IL BUIO OLTRE LA SIEPE
di Harper Lee

 
Dapprima si rimane incantati dalla prosa semplice e immediata della scrittrice, capace di coinvolgere sin dall'incipit, con simpatia e con leggerezza, anche se la storia che ci verrà narrata, per quanto vissuta attraverso gli occhi di due bambini, per quanto ci farà ridere e spesso sorridere, già lo sappiamo, ci toccherà nel profondo, scuotendoci la coscienza, commuovendoci, ed arrivando dritta al nostro cuore.

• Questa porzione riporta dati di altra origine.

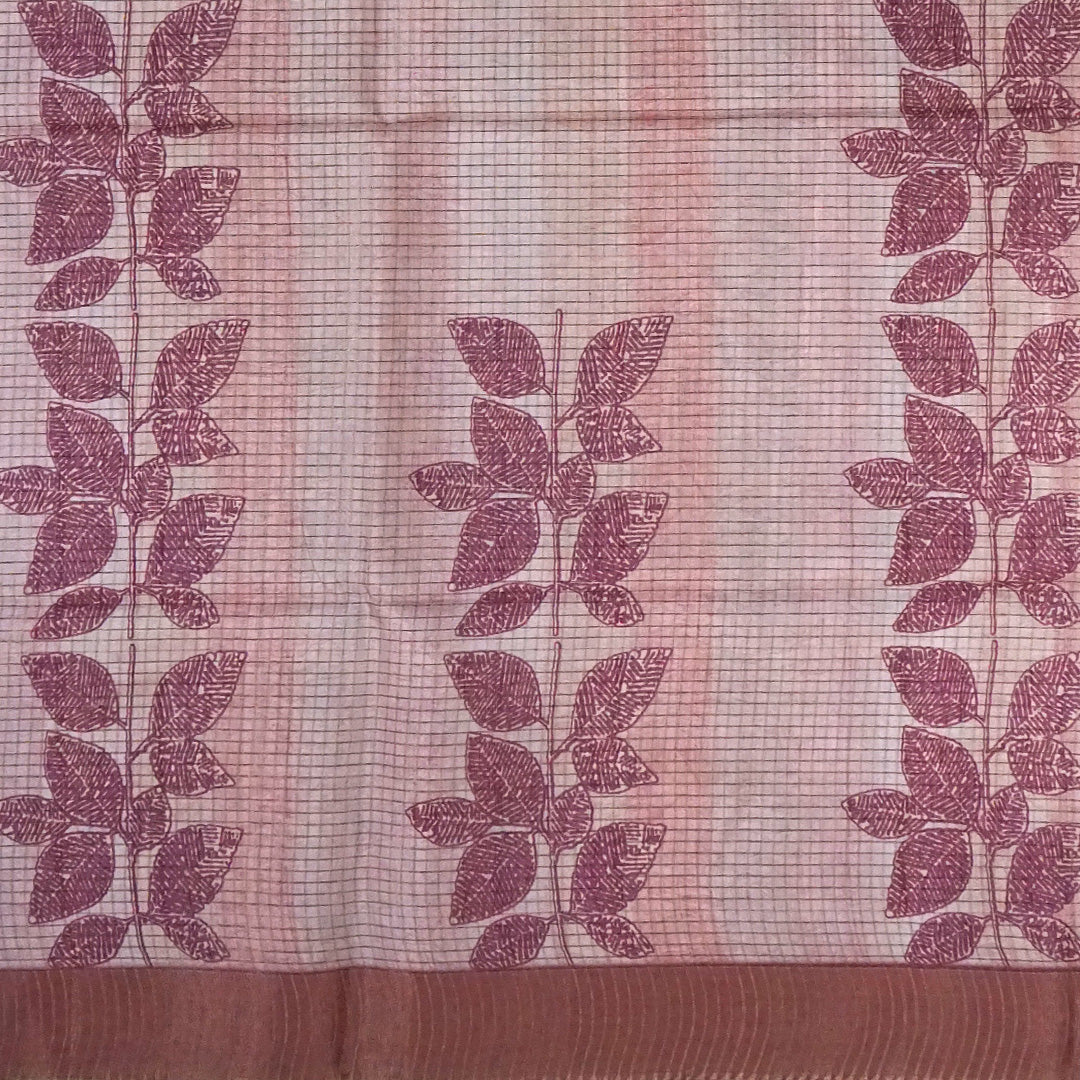 Harini Tussar in soft beige base with maroon leaf motifs and a matching brownish-maroon border, creating an elegant and earthy look.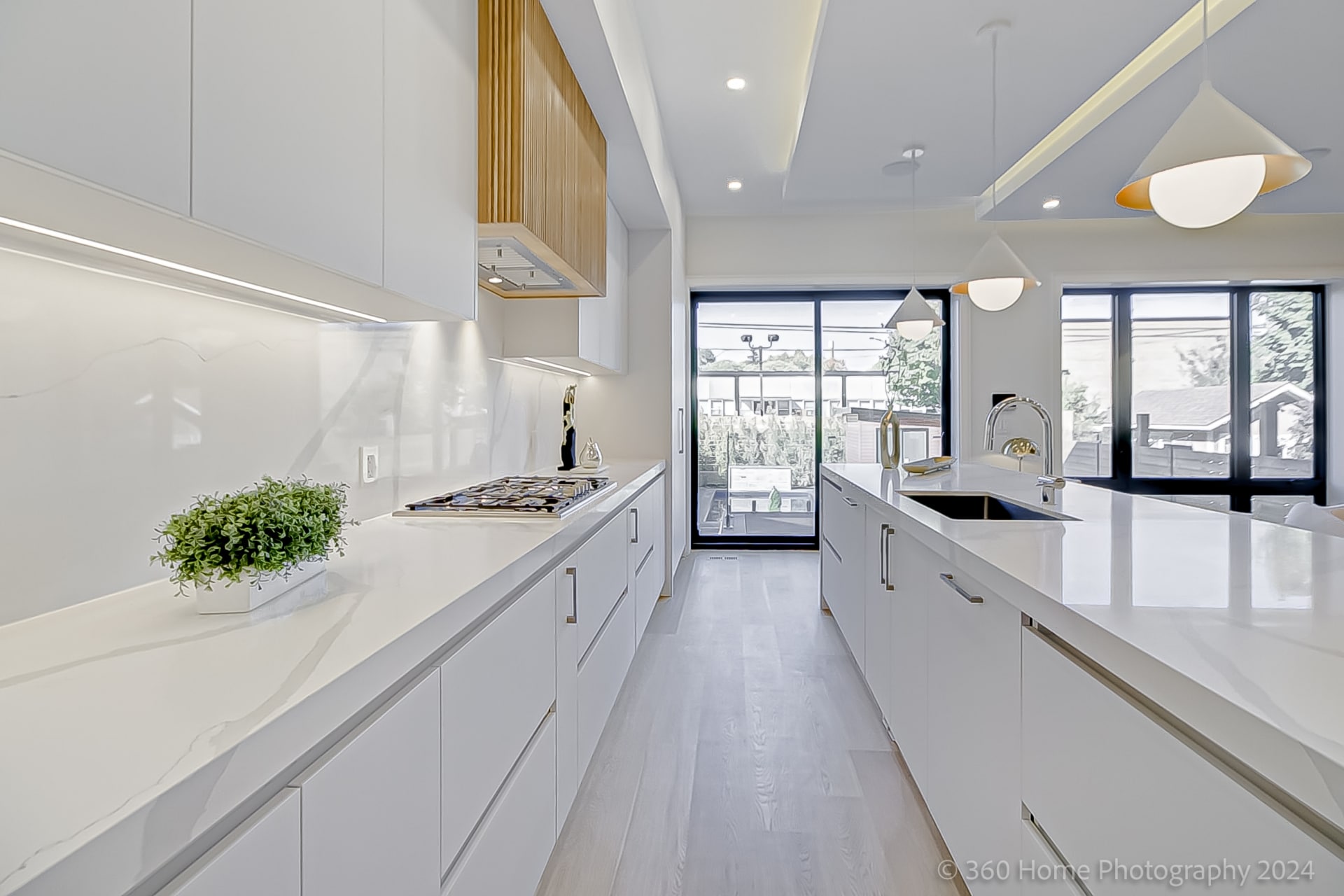 Kitchen at 100 Glenvale Blvd with white flat-front cabinetry, marble-look quartz backsplash and reeded oak island base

Poi sono i personaggi a rapirci: Scout, piccola e pestifera (sei-otto anni), irresistibilmente pragmatica, con una logica ferrea e implacabile capace di spiegare qualunque cosa, ma anche di porre le domande giuste, quelle che davvero ti mettono a nudo; Jem, suo fratello maggiore, più riflessivo, più sensibile, dolcissimo; e poi lui, Atticus Finch, il papà, l'avvocato che tutti vorrebbero avere, un uomo che, parafrasando le parole della vicina, “in casa si comporta come fuori”. Idealista, coraggioso, integerrimo. Eppure a vederlo è solo uno stanco gentiluomo di mezz'età, colto, gentile, placido, con un discreto senso dell'umorismo e la passione per la lettura serale. Chi lo direbbe che in gioventù con il fucile era il migliore della contea? Odia le armi e non ne possiede...

Conosciamo il paesino di Maycomb, nell'Alabama degli anni '30, le sue ipocrisie – che spesso ci suonano divertenti, fino a che non ci fanno indignare – la sua multiforme umanità (che sovente è qualcosa di più di quel che sembra, ma a volte anche qualcosa di meno), le vicine, l'assurdo metodo di insegnamento di Miss Caroline, e personaggi bellissimi, magari tratteggiati con poche righe, come la signora Maudie, o il signor Cunningham, o boo Radley...

La parte più intensa, però, quella più bella di tutte, è quella del processo, in cui sogghignamo con il Giudice, ci commuoviamo con Dill, speriamo con Jem... E poi ci arrendiamo di fronte alla realtà, trovandoci a fare i conti con essa.

E forse dei motivi per consolarci ci sono lo stesso, ma così piccoli, così minuscoli, che non è semplice coglierli.

Il tema affrontato è quello del razzismo, della discriminazione, che viene studiato da più punti di vista (“mettendoci nei panni degli altri”), svolto in modo quasi corale, grazie a più verità sovrapposte, di contorno alla vicenda principale, con un'acutezza dolorosa ed esatta, che Atticus, Scout e Jem ci permettono di interpretare nel modo più tollerante, ma anche più impietoso, accompagnandoci mentre traiamo le nostre conclusioni, dopo lo SBAM! che abbiamo preso in faccia.

Il finale, poi, ci sorprende con una morale implicita, suscettibile di ermeneutiche difformi, che potrebbe far discutere molto, ma che io trovo realistica, brillante e perfetta.

Sinceramente, questo è uno dei miei romanzi preferiti.

E Atticus è uno dei personaggi più belli della letteratura (anche se, non posso farci niente, io preferisco Scout).